*Input records:*
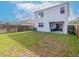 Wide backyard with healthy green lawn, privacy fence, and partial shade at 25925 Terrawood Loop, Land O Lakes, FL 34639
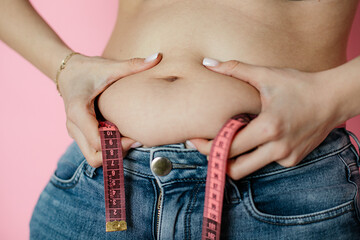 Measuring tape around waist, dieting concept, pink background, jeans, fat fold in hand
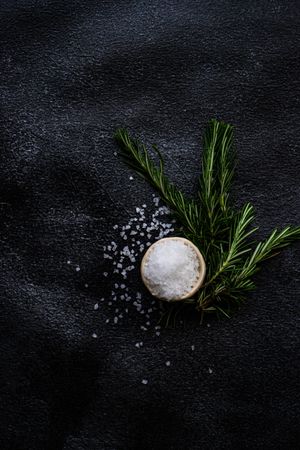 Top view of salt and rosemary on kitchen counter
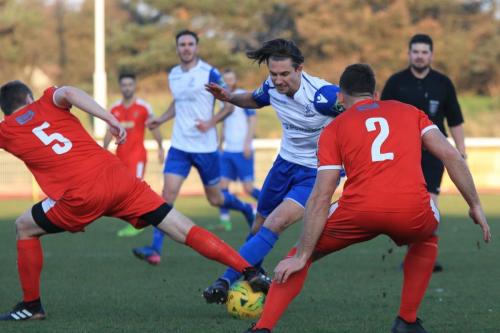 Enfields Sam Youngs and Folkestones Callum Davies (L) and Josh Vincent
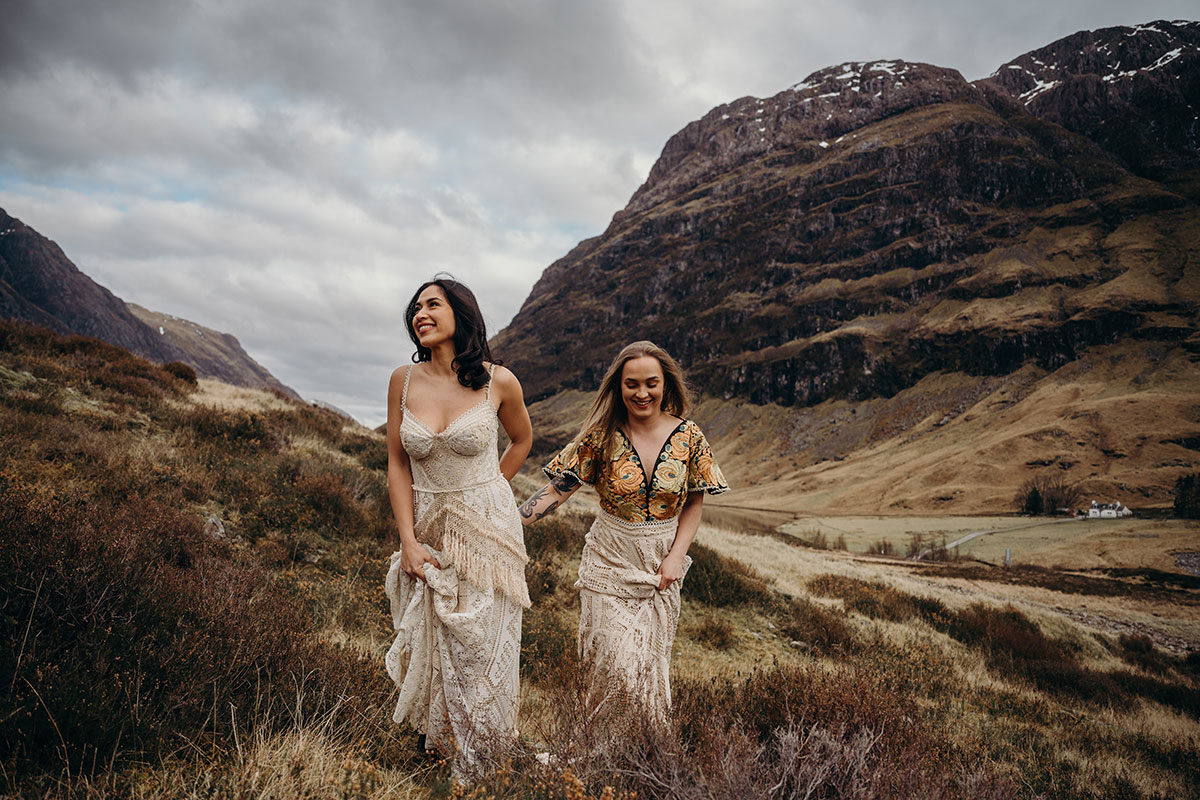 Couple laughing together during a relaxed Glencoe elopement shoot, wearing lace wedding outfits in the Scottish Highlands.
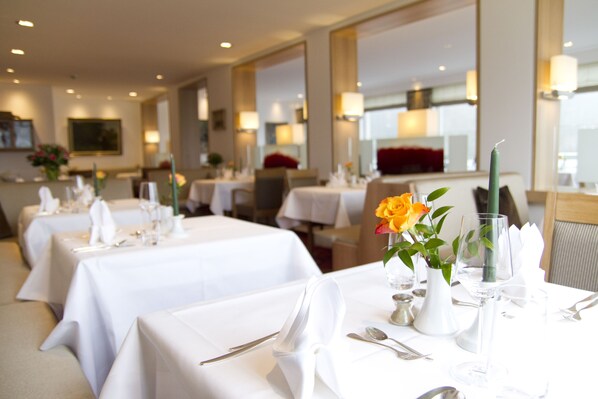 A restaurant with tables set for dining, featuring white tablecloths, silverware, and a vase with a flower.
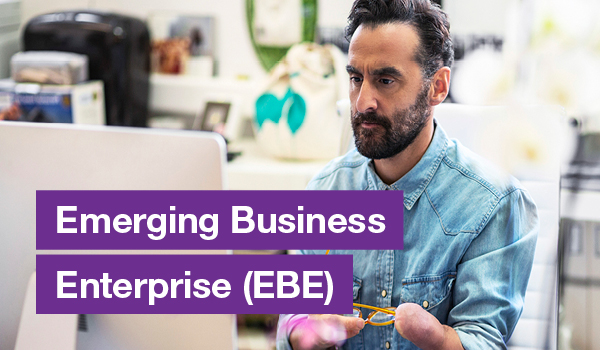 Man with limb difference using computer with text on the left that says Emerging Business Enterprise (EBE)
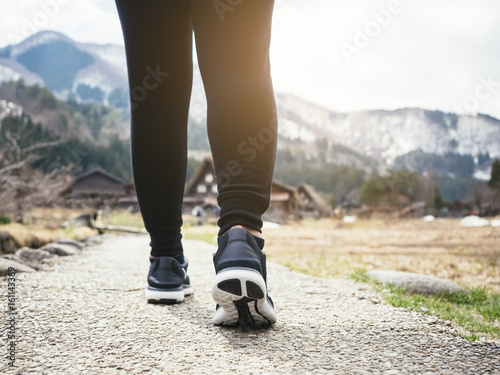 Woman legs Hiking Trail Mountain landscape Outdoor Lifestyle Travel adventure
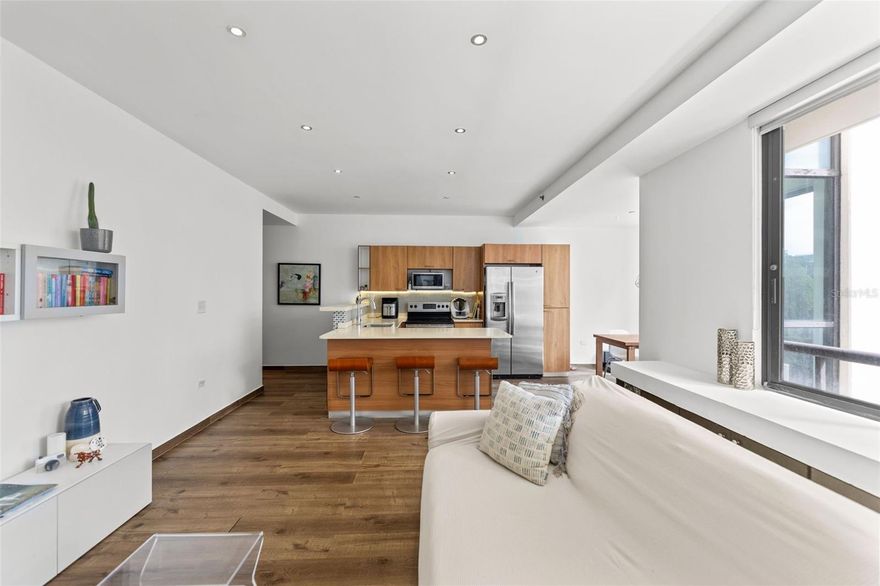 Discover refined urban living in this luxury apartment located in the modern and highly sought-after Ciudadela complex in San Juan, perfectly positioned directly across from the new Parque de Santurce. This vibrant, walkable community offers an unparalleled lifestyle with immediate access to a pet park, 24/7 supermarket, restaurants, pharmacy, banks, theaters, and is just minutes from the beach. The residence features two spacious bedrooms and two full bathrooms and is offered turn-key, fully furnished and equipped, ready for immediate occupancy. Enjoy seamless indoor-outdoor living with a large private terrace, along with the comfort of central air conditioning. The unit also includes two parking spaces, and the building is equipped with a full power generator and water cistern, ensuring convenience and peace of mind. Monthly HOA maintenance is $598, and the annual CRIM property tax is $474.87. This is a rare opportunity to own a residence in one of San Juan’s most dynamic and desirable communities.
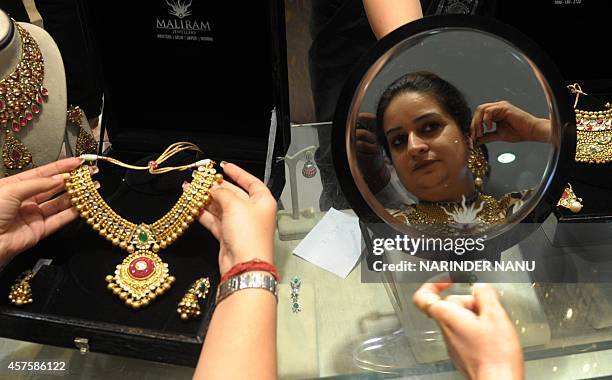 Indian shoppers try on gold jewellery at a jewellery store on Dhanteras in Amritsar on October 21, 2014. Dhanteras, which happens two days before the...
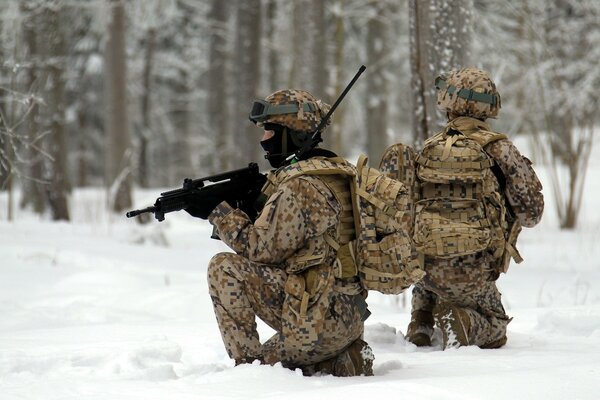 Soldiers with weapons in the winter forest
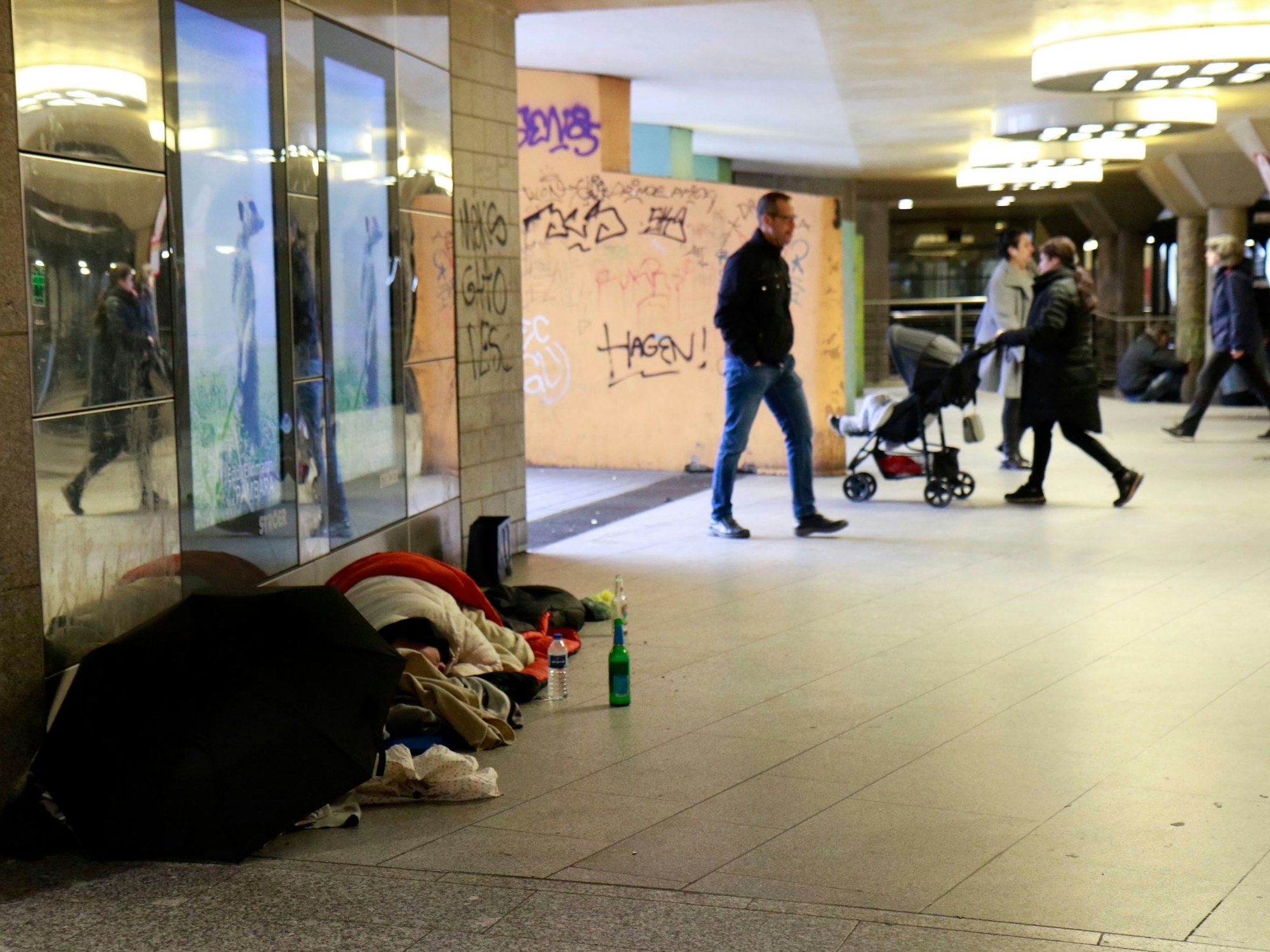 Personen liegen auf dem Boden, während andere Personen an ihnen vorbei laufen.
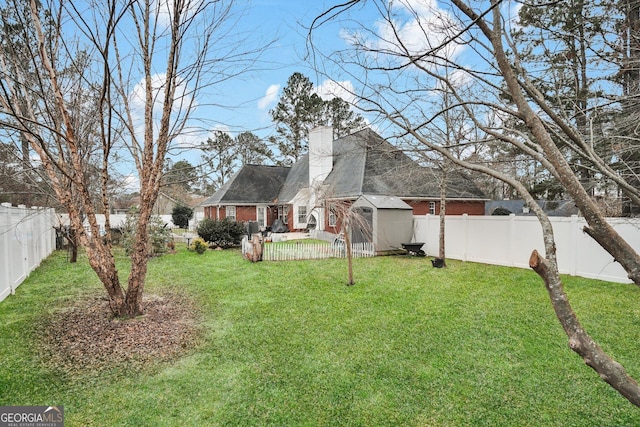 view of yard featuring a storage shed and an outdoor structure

*Exercise:* In the entries above, find the line that contains "Woman legs Hiking", then repeat exactly every line from the first one through that line, with no pictures.

*Solved exercise:*
 Wide backyard with healthy green lawn, privacy fence, and partial shade at 25925 Terrawood Loop, Land O Lakes, FL 34639
 Measuring tape around waist, dieting concept, pink background, jeans, fat fold in hand
 Top view of salt and rosemary on kitchen counter
 Enfields Sam Youngs and Folkestones Callum Davies (L) and Josh Vincent
 Couple laughing together during a relaxed Glencoe elopement shoot, wearing lace wedding outfits in the Scottish Highlands.
 A restaurant with tables set for dining, featuring white tablecloths, silverware, and a vase with a flower.
 Man with limb difference using computer with text on the left that says Emerging Business Enterprise (EBE)
 Woman legs Hiking Trail Mountain landscape Outdoor Lifestyle Travel adventure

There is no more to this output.